(Caption-style text data)
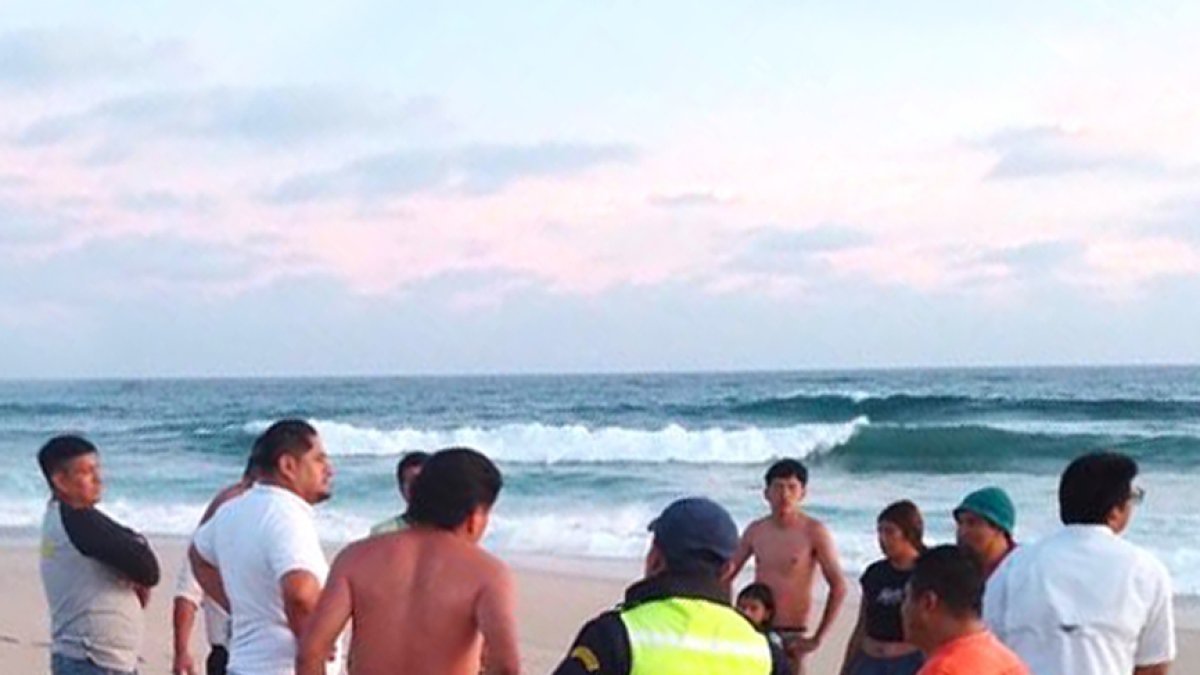 Salinas. Varias personas se amontonan alrededor del cuerpo del pescador ahogado.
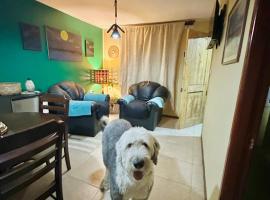 Caba&ntilde;a rinc&oacute;n del salto, hotel com piscina em Cabrero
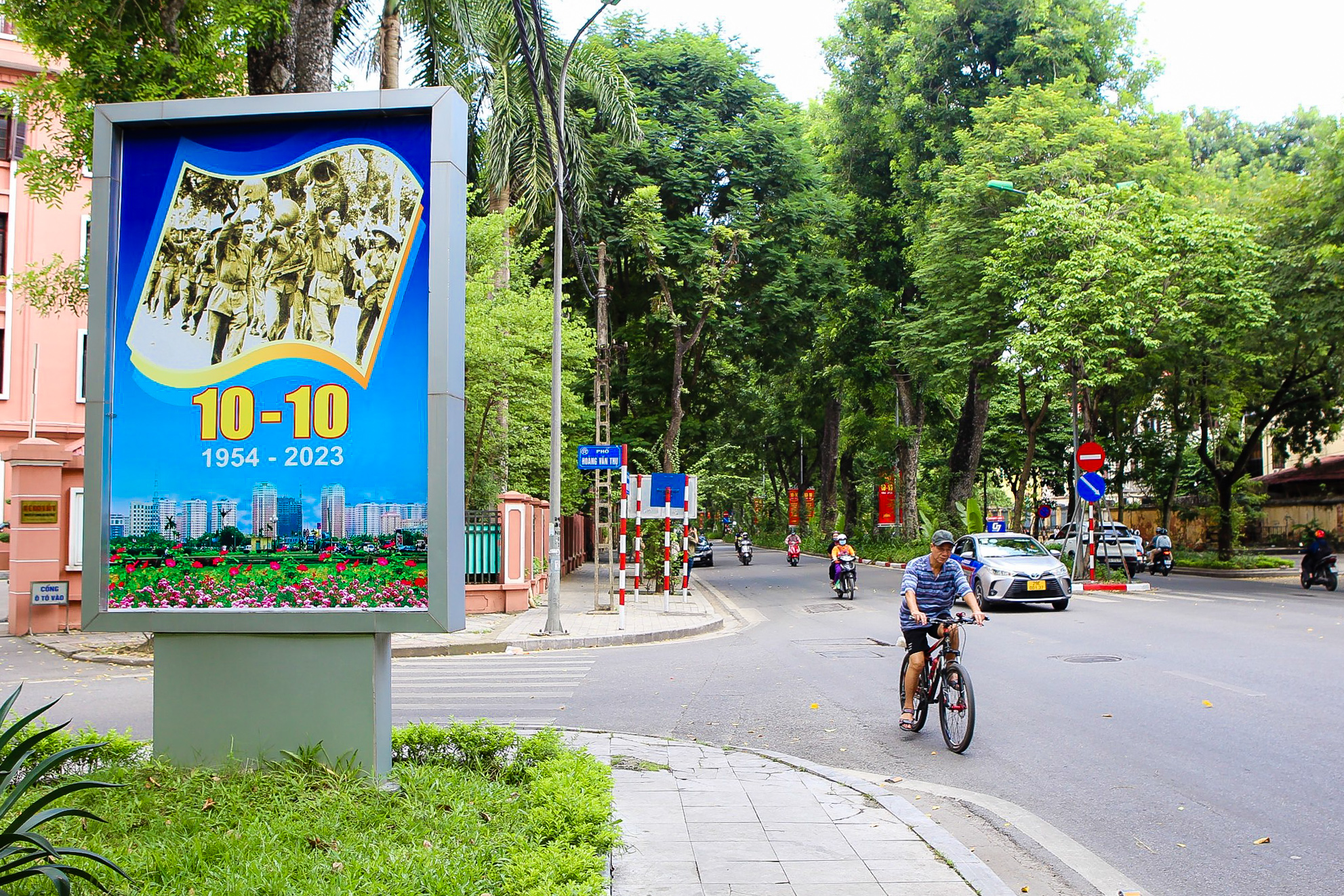 Đường phố H&agrave; Nội trang ho&agrave;ng mừng kỷ niệm 69 năm Ng&agrave;y Giải ph&oacute;ng Thủ đ&ocirc; - Ảnh 7.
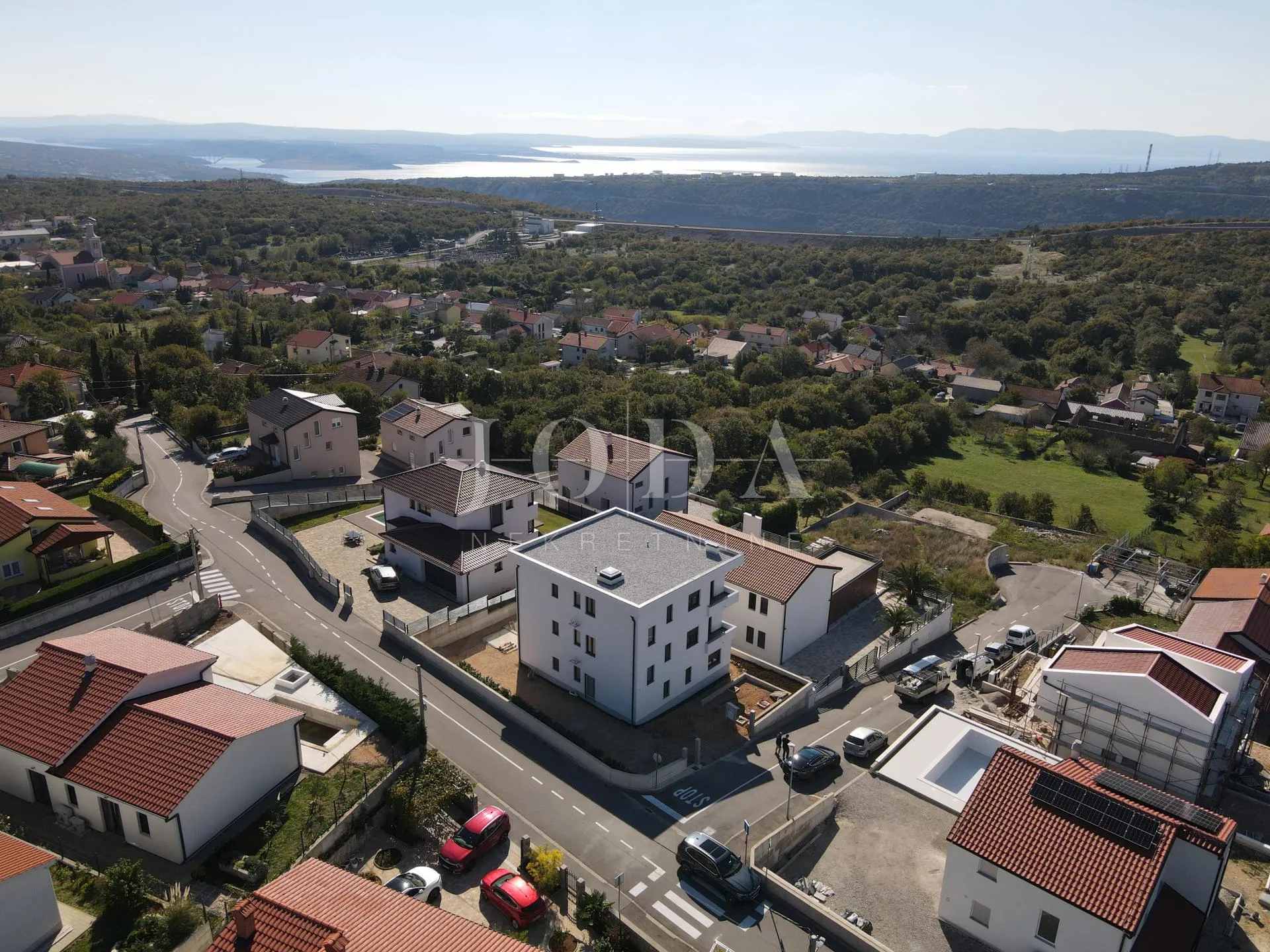 kuća sa tri stana i bazenom - slika 5
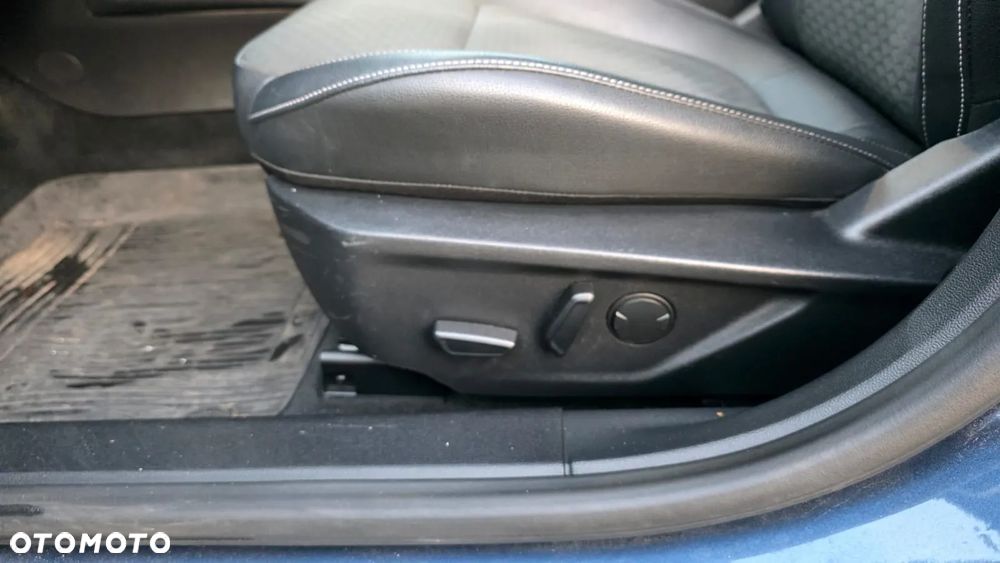 Ford Focus 1.5 EcoBlue Start-Stopp-System TITANIUM X - 12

#### [Work instruction]
Set down nothing but the lines from the one containing "Đường phố H&agrave;" to the final line above, both included, with every picture left out.

#### [Exercise result]
 Đường phố H&agrave; Nội trang ho&agrave;ng mừng kỷ niệm 69 năm Ng&agrave;y Giải ph&oacute;ng Thủ đ&ocirc; - Ảnh 7.
 kuća sa tri stana i bazenom - slika 5
 Ford Focus 1.5 EcoBlue Start-Stopp-System TITANIUM X - 12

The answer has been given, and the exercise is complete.